For a film involving dragon rape and ancient prophecies fulfilled by a smart-ass L.A. social worker, The Golden Child travels an awfully straight path to an unsatisfying happy ending. Apart from the chat-show sequence, the sole moment of joy and inspiration in the film comes in a whimsical, stop-motion-animated scene where The Golden Child uses his supernatural powers to make a Pepsi can turn into a little aluminum man dancing to “Putting On The Ritz.” It’s the only moment in the film that captures the awe and wonder that this kind of family-friendly adventure is capable of when done correctly.
Murphy, Paramount, and audiences all learned the wrong lessons from The Golden Child. Murphy realized he didn’t have to try in order to be fabulously successful commercially. Paramount and other studios learned, again, that audiences didn’t have to particularly like a movie to make it a sizable hit. And children not old enough to appreciate the grittier Murphy of 48 Hrs., Trading Places, and Saturday Night Live came to accept that oftentimes, big studio comedies just aren’t funny, but that’s no reason to stop supporting them with parental pocketbooks.
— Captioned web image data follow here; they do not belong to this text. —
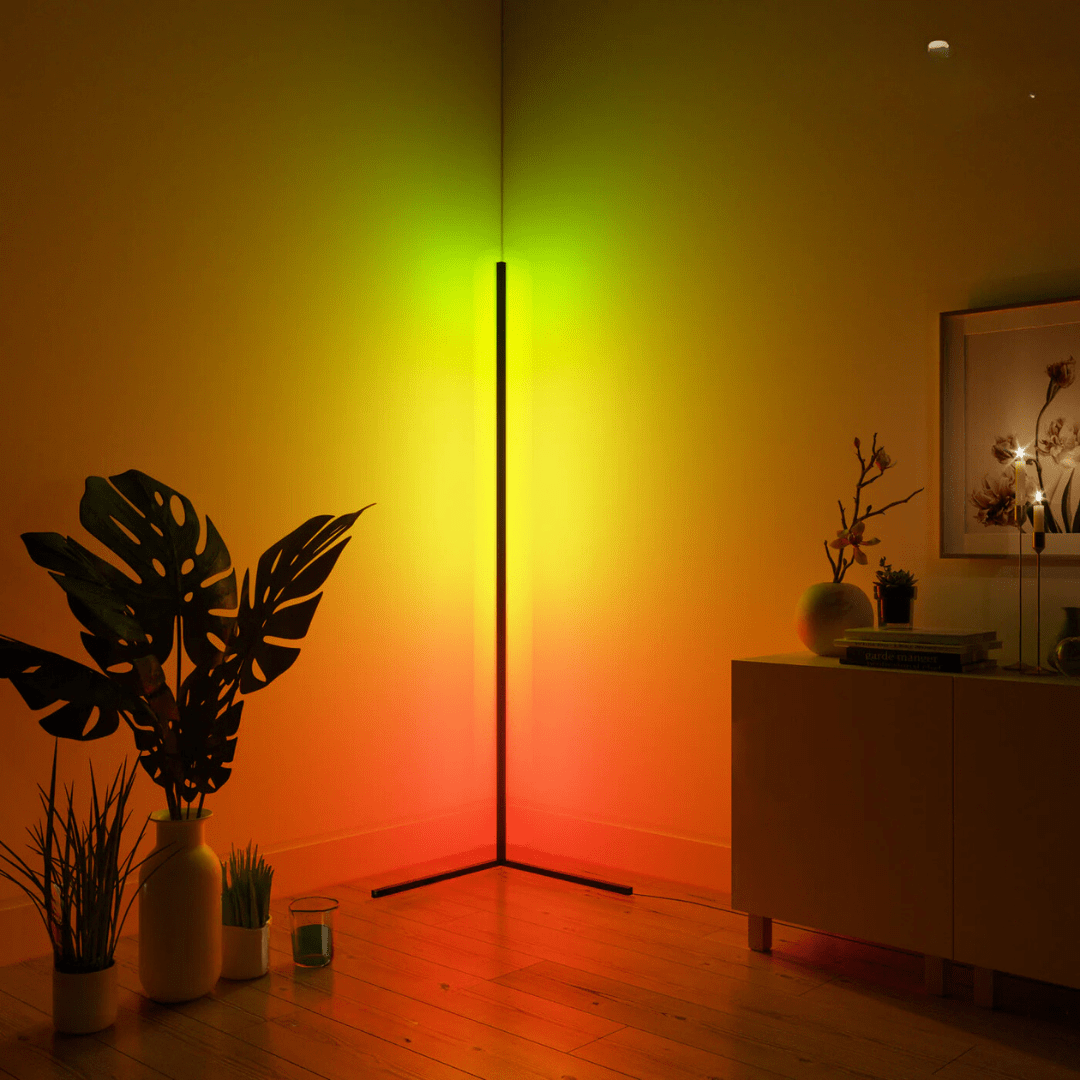 Lampada d'atmosfera ad angolo - Éclat Multicolore & Atmosphère Moderne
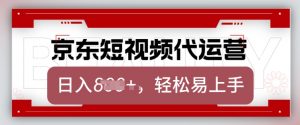 京东带货代运营,2025年翻身项目,只需上传视频,单月稳定变现8k【揭秘】-网创小站
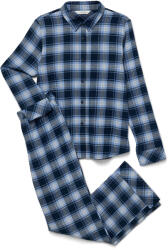 Tchibo - Flanel pizsama - nő - méret 34 - kék/kockás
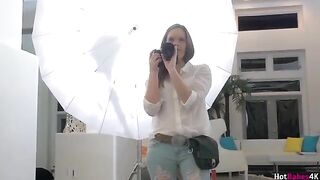 Hot photographer Jenna J Ross gets her pussy licked by two babes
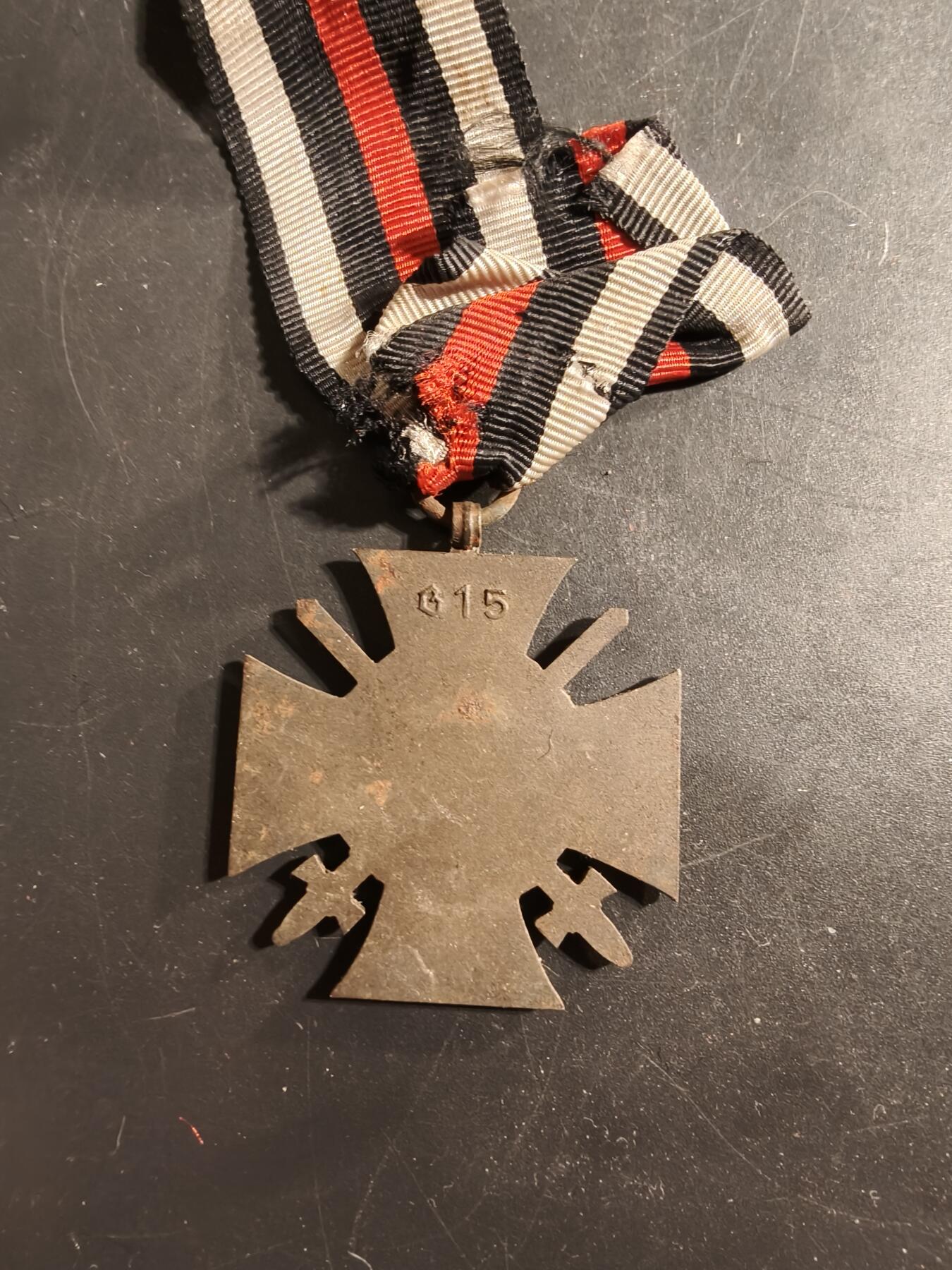 老王徽章第176期 德国一战兴登堡十字奖章   G15厂标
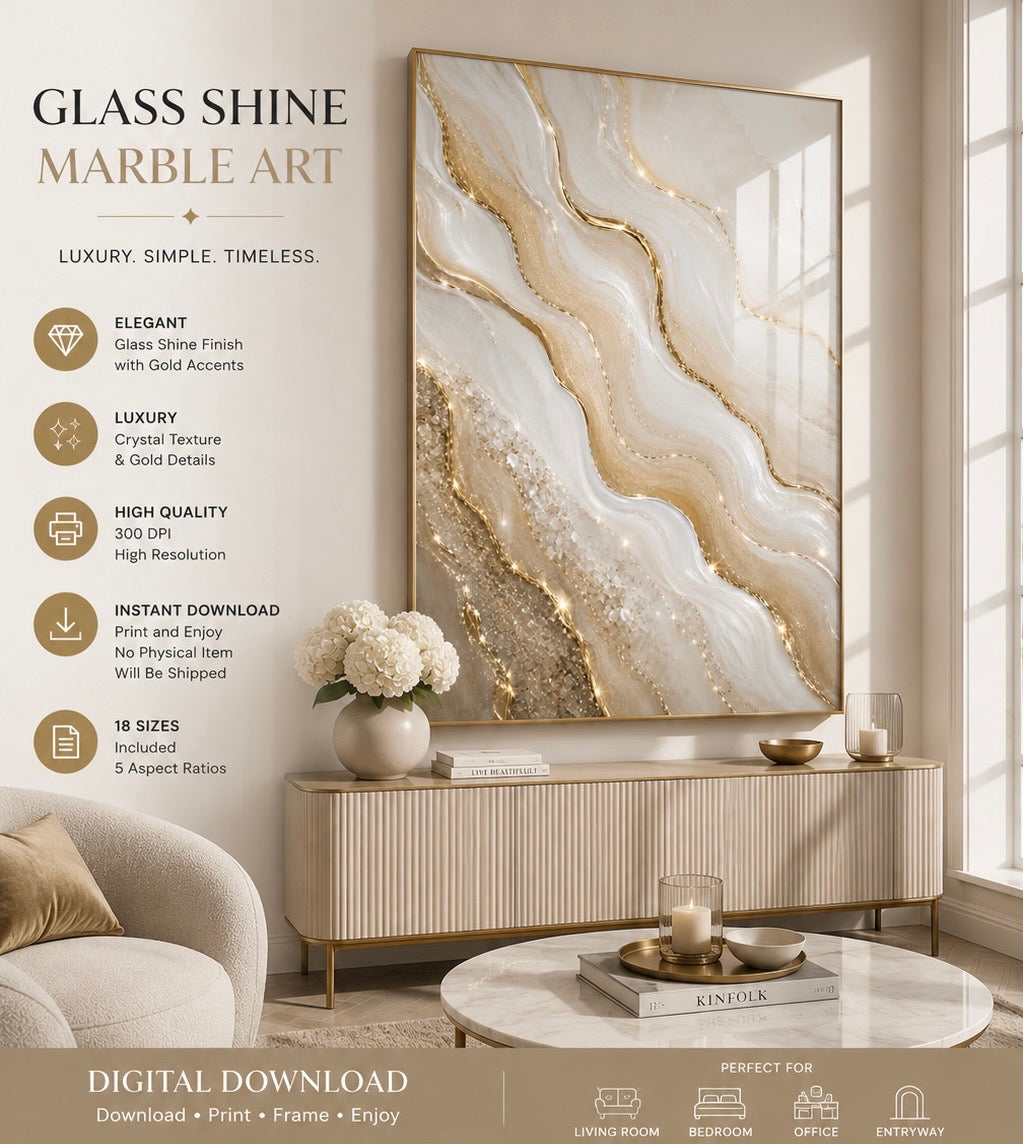 Oversized Glass Illusion Abstract Wall Art (Copy)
As Maslin puts it, “A passive acceptance of a film this feeble sends a message of encouragement to those who made it.”
The Golden Child was released around the time of another mystically charged, East-meets-West action adventure: Big Trouble In Little China, directed by John Carpenter, whom Paramount unsuccessfully attempted to recruit for The Golden Child. In 1986, The Golden Child didn’t just win the box-office battle against Big Trouble In Little China, it devastated the competition, grossing almost $80 million domestically to Big Trouble In Little China’s paltry $11 million. But history is the ultimate judge of a film’s merit, and history has deemed Big Trouble In Little China the clear victor in the war for hearts and minds.
History isn’t always that tidy, however. Maslin was dead-on in calling The Golden Child a non-movie that seems to wash over audiences without making any kind of impression. Except for those it does impress. In one of the film’s sole moments of spontaneity and inspiration, Murphy gingerly refers to his evil arch-nemesis as “Sweet Brother Numsy” shortly before the villain transforms into a demon. That incongruously tender delivery stands out today largely because Kanye West references it on “Gone,” a standout track from his 2005 album Late Registration. So while The Golden Child was a non-movie for the vast majority of its audience, it obviously meant enough to West—who was roughly 9 when the film came out, and consequently the perfect age to love a kid-friendly Eddie Murphy movie—that he wanted to pay homage to it on one of his albums. The Golden Child is a Forgotbuster, but even the most shrugged-off non-event is fondly remembered by someone.